ADR-0002: Structured Audit Logging via Kinesis Firehose#

Status: Accepted Date: 2026-04-27

Context#

Internal compliance requires a structured audit trail for every MCP tool call — recording who invoked which tool, with what parameters, and what the outcome was. The existing infrastructure provides no such trail:

Operational logs (stdout → CloudWatch via ECS awslogs driver) are not suitable for audit. The LOG_LEVEL env var is typically WARNING in production, so any audit event emitted through the Python logging hierarchy at INFO would be silently dropped. Audit delivery must be guaranteed regardless of operational log level.
Azure AD sign-in logs and M365 Unified Audit Log capture authentication events but not MCP-level tool invocations, parameters, or outcomes.
ALB access logs record HTTP requests but all MCP traffic is POST /mcp — individual tool calls are indistinguishable at the load balancer layer.

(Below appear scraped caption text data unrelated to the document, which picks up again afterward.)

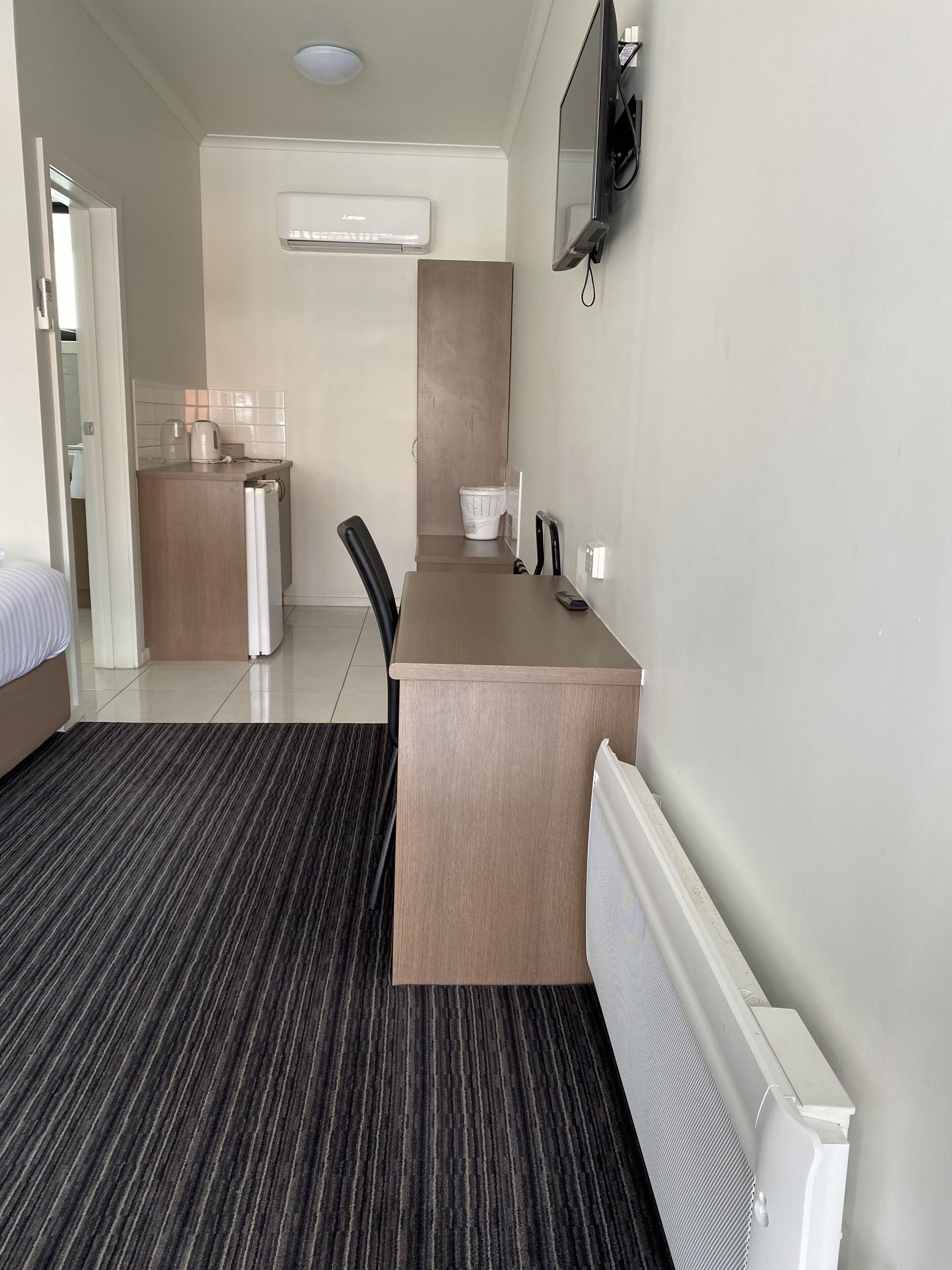 A hotel room with a bed, a desk, a chair, a radiator, an air conditioning unit, and a television.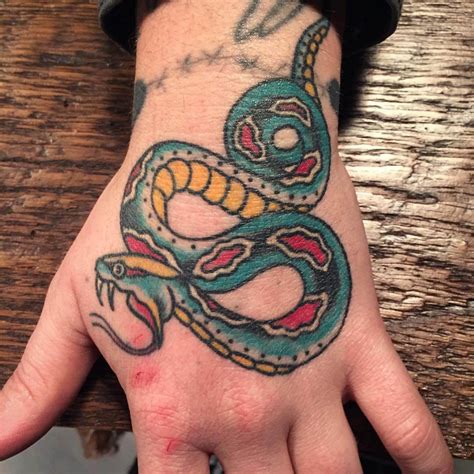 Selecting a snake for a tattoo can be exciting. 18 Best Old School Snake Tattoo Designs | PetPress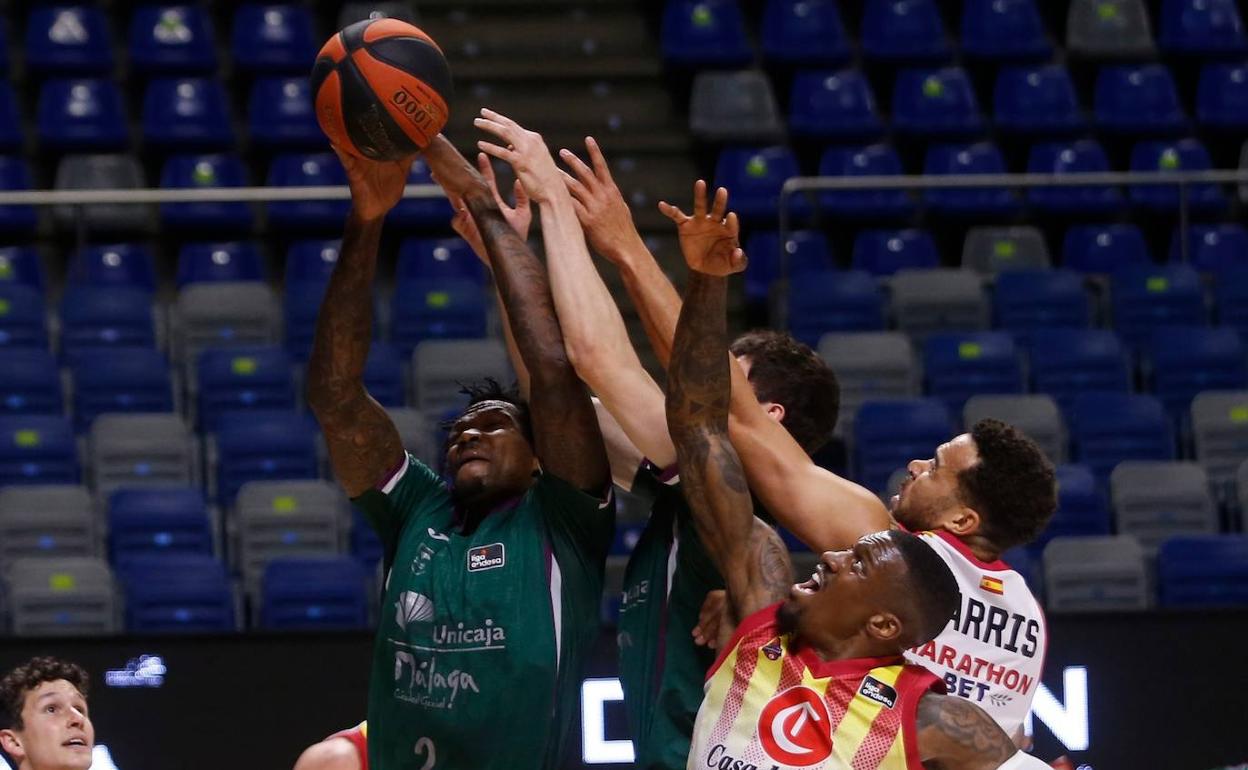 Deon Thompson trata de abrirse paso entre un mar de brazos, entre ellos los de Ennis y Harirs, del Casademont Zaragoza. 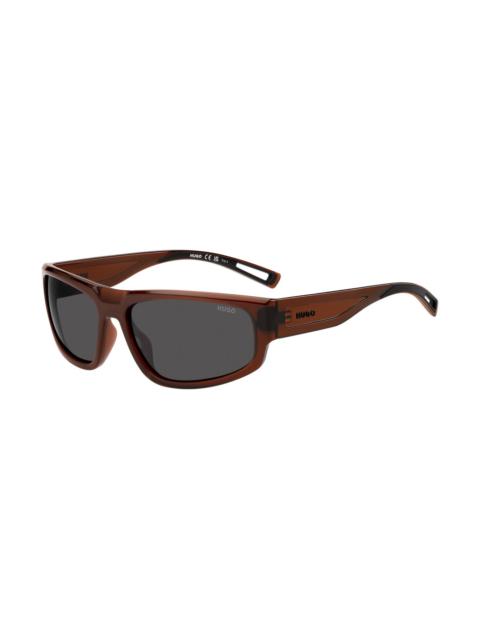 BROWN-ACETATE SUNGLASSES WITH CUT-OUT DETAILS
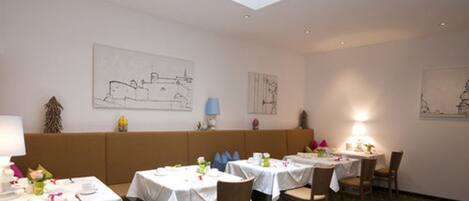A dining area with tables set for meals, a bench, and artwork on the walls.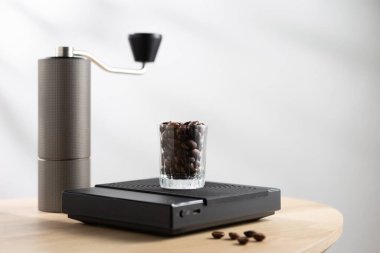 Dark roasted coffee beans in a clear glass on a digital scale and a Manual coffee grinder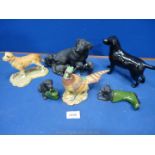 Miscellaneous Labrador figures including two pups playing with green wellies,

The requirement is: user identity (OID + UPN), tool name, key parameters, outcome (success / redacted / error), duration, and timestamp — emitted on every tool call, always, with a minimum 1-year retention, and with zero risk of blocking a tool call if delivery fails.

Decision#

Audit events are written directly to AWS Kinesis Firehose from inside the application, completely bypassing the Python logging hierarchy and CloudWatch. One shared delivery stream per environment (aiconnectors-audit-dev, aiconnectors-audit-prod) buffers records and delivers them as newline-delimited JSON to S3, partitioned by date. A Glue catalog table over the S3 prefix enables ad-hoc Athena queries.

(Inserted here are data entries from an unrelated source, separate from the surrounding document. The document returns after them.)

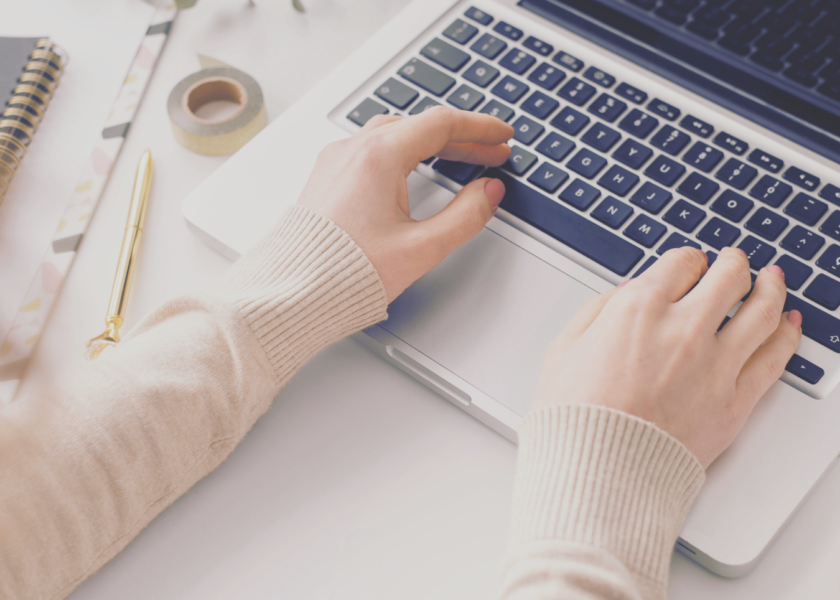 Female medical writer typing on a laptop with a notepad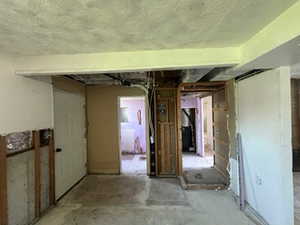 Miscellaneous room featuring concrete floors and a textured ceiling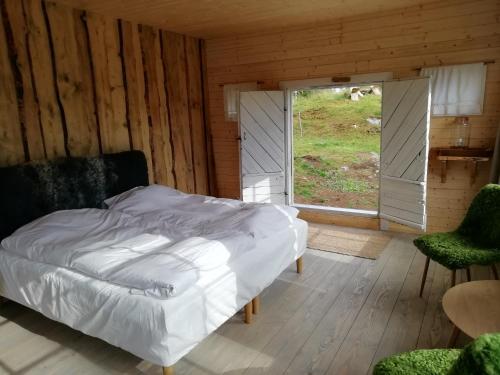 a bedroom with a bed and a large window at Eremitstuga Detox resort in Köpmannebro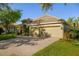 Attractive home exterior featuring a brick driveway and a convenient attached two-car garage at 8912 Heritage Bay Cir, Orlando, FL 32836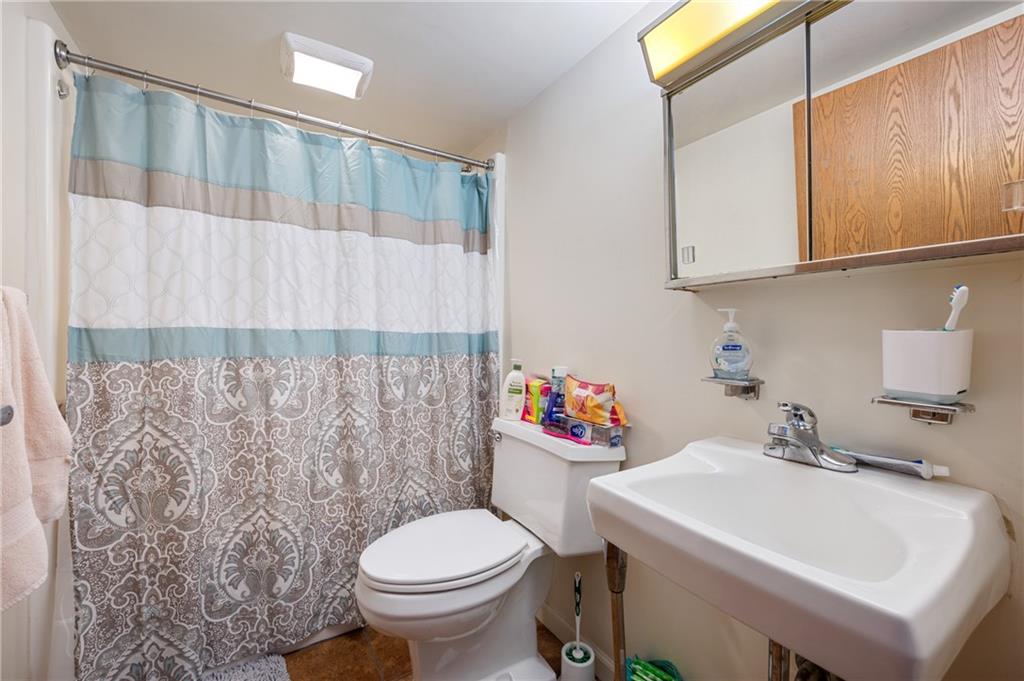 330 46th Street Pittsburgh, PA 15201 - Photo 20 of 25 a bathroom with a sink a toilet and shower curtain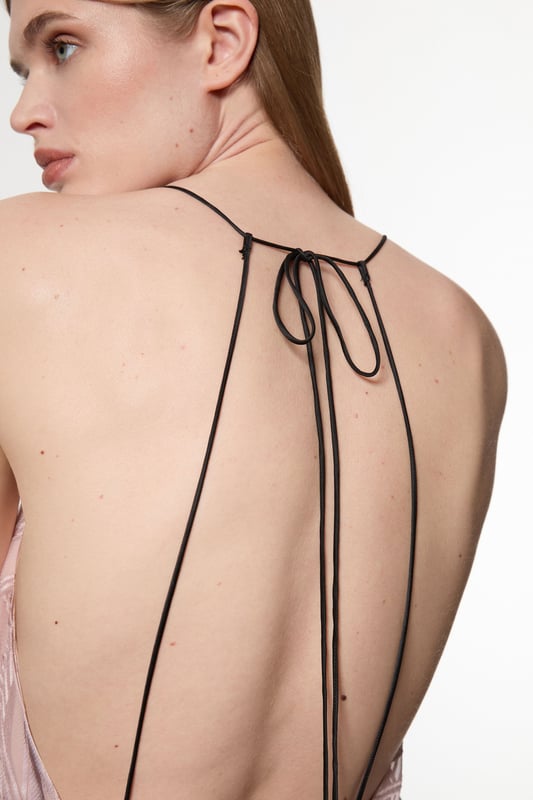Architectural influences, brought to life through print; Karen Millen presents a new collection in collaboration with Amelia Graham. Elevate your occasion wear wardrobe with our occasion dress, with a figure hugging bodice which flows into a straight skirt, a halter neckline with strappy detailing, and a low back. Style it with strappy heels for an occasion look that is guaranteed to turn heads wherever you step. Amelia Graham Burnout Lace Up Detail Woven Column Dress High Quality Lace Fabric Figure Hugging Fit Straight Hanging Skirt Striking Strappy Back Lace-Up Bust Accent Belted Waistline Tie Back FasteningDiscover this seasons lace dresses or browse the full collection of women's dresses now.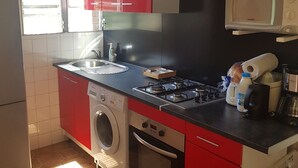 A compact kitchen with red and white cabinets, a gas stove, a microwave, and a washing machine. - Bottom of villa for rent, seasonal rental (Le GOSIER)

The application layer is implemented in nn_mcp_core.audit (connectors/libs/nn-mcp-core/src/nn_mcp_core/audit.py). Every MCP server calls configure_audit() at startup and wraps each @mcp.tool() function with the @audit_tool() decorator, which handles the try/finally timing, outcome classification, user claim extraction, and log_tool_call() dispatch.

The ECS task role for every MCP receives firehose:PutRecord on the shared audit stream ARN via infra/modules/mcp_server/iam.tf.

Consequences#

Positive#

Compliance requirement is satisfied — every tool invocation produces a structured, durable record regardless of operational log level
Audit delivery is completely isolated from the operational log stream; LOG_LEVEL has no effect on audit emission
One shared Firehose stream per environment serves all MCPs — no per-MCP audit infrastructure
S3 lifecycle policy (Glacier at 90 days, expiry at 365 days) enforces retention at the storage layer, not in application code
Athena + Glue enables ad-hoc SQL queries over the full audit history without a dedicated SIEM

Negative#

Firehose buffers records for a minimum of 60 seconds before flushing to S3 — audit events are not queryable in real-time
boto3.put_record is synchronous and runs in a thread pool executor, adding ~5–20 ms network latency to every tool call
A persistent Firehose or IAM outage causes silent audit gaps — delivery failures are swallowed with a warning rather than surfaced to the caller

Risks#

Silent audit gaps: If firehose:PutRecord is denied (e.g. due to an IAM policy change) or the Firehose stream is deleted, tool calls succeed silently without audit records. Mitigation: CloudWatch alarm on Firehose DeliveryToS3.Records metric dropping to zero.
Parameter data quality: params is populated from **kwargs at the call site — tools must not pass large payloads or sensitive content in named parameters. Convention enforced by code review; no runtime sanitisation today.

Alternatives Considered#

CloudWatch Logs → S3 via subscription filter#

Write audit events to a dedicated CloudWatch log group, then forward to S3 via a Firehose subscription filter.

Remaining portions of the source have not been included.